■ What the task asks ■
Below are some records. Return exactly the lines from the one with "Pull&Bear Brown Kleid" to the one with "Bonaire Flag Necklace", and nothing else.

■ Data for processing ■
☆ ☆ ☆ ☆ ☆ ☆ ☆

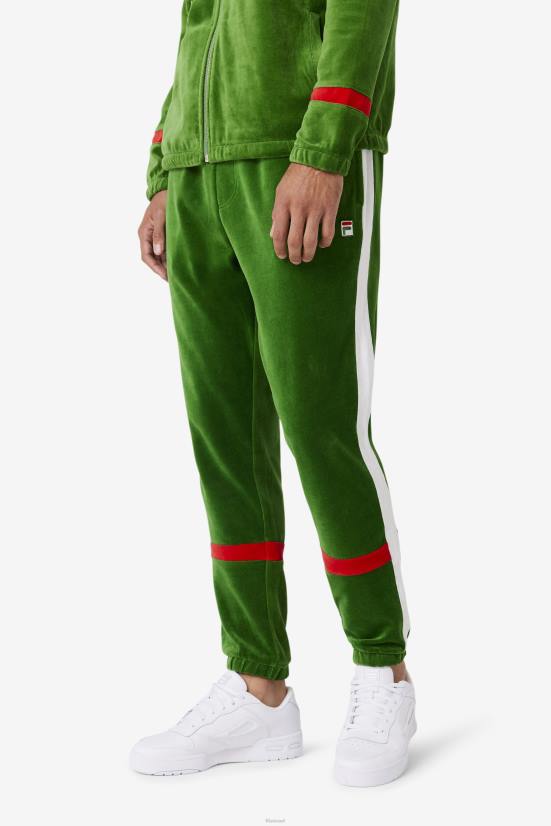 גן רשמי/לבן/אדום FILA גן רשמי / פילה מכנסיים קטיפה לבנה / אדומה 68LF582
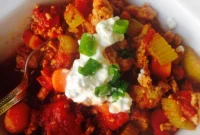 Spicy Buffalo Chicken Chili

☆ ☆ ☆ ☆ ☆ ☆ ☆

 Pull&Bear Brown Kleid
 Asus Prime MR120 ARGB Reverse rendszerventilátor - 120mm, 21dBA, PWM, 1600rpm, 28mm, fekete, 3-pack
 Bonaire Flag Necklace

☆ ☆ ☆ ☆ ☆ ☆ ☆

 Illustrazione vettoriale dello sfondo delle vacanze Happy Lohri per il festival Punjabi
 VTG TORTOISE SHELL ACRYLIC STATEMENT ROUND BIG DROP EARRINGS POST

☆ ☆ ☆ ☆ ☆ ☆ ☆

■ Reply ■
 Pull&Bear Brown Kleid
 Asus Prime MR120 ARGB Reverse rendszerventilátor - 120mm, 21dBA, PWM, 1600rpm, 28mm, fekete, 3-pack
 Bonaire Flag Necklace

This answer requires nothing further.